Tuesday, November 5, 2013

Turkey Sausage and Vegetable Soup

I love hearty vegetable soups. As the weather gets colder, my craving for soup increases. Usually I cook soups in the crockpot so that the flavors can mix for hours, but my crockpot was in need of a good scrubbing and I didn't feel like cleaning it at the moment so I decided to cook this soup on the stove.

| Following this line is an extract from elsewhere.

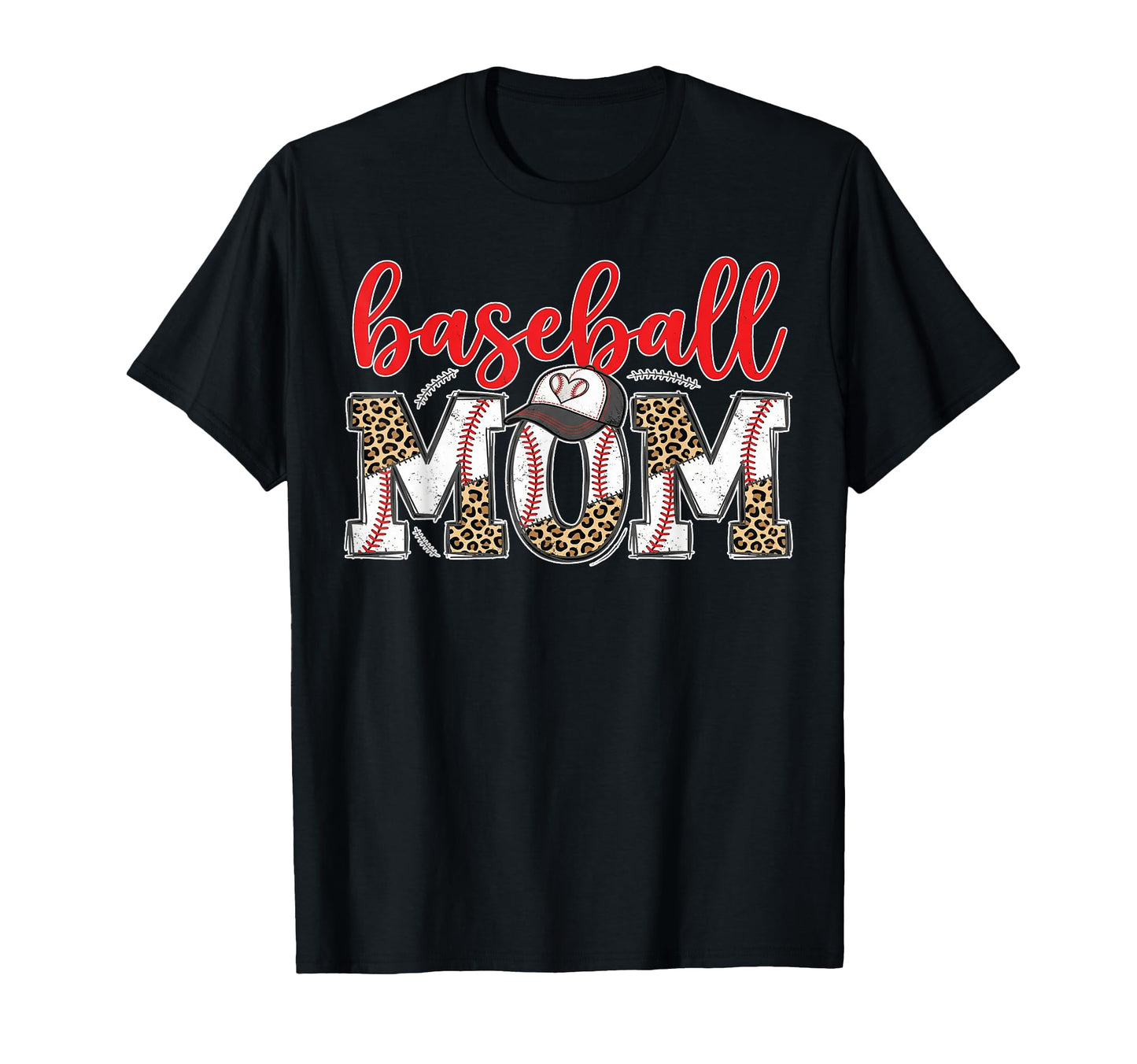 Baseball Mom Leopard Sports Mama Game T-Shirt - Minimalist Print Men Women - T-Shirt, Sweatshirt, Hoodie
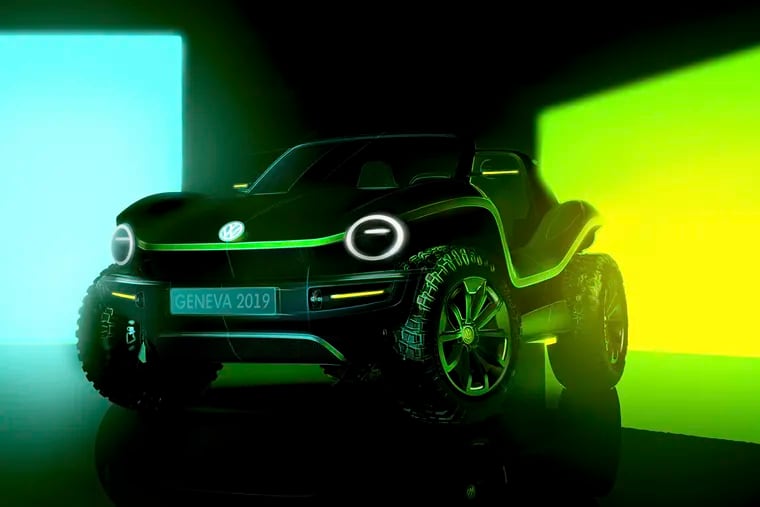 This undated picture provided by the Volkswagen car manufacturer shows a Volkswagen ID Buggy electric car. The new Buggy will be presented at the Geneva International Motor Show, which takes place in Geneva, Switzerland, from March 7 until March 17, 2019. Automakers are rolling out new electric and hybrid models at the show as they get ready to meet tougher emissions requirements in Europe - while not forgetting the profitable and popular SUVs and SUV-like crossovers. (Volkswagen via AP)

Hope you all enjoy it.





Turkey Sausage and Vegetable Soup
Ingredients

  • 2.4 oz onion, diced
  • 1 tsp extra virgin olive oil
  • 2 cloves garlic, pressed
  • 2 carrots, diced
  • 2 potatoes, diced
  • 6.5 oz celery, sliced
  • 8.4 oz butternut squash, cubed
  • 6 cups kale, coarsely chopped
  • 4 cups chicken broth
  •  1/2 tsp salt
  • 2 Italian sausage links with the meat removed from the packaging or bulk sausage meat equaling that amount
  • 6 leaves of fresh basil, finely chopped
Procedure

  1. In a large pot, pour in the extra virgin olive oil and cook the onion and garlic in it on medium to low heat.
  2. Add the carrots, potatoes, squash and celery to the pot when the onions begin to look translucent. Stir frequently to prevent burning.
  3. Add the sausage to the pot and cook until the sausage is no longer pink.
  4. Add the rest of the ingredients to the pot, turn the heat to high. Let the pot reach a boil and then turn the heat down to low heat and let the pot simmer for 30 minutes to an hour.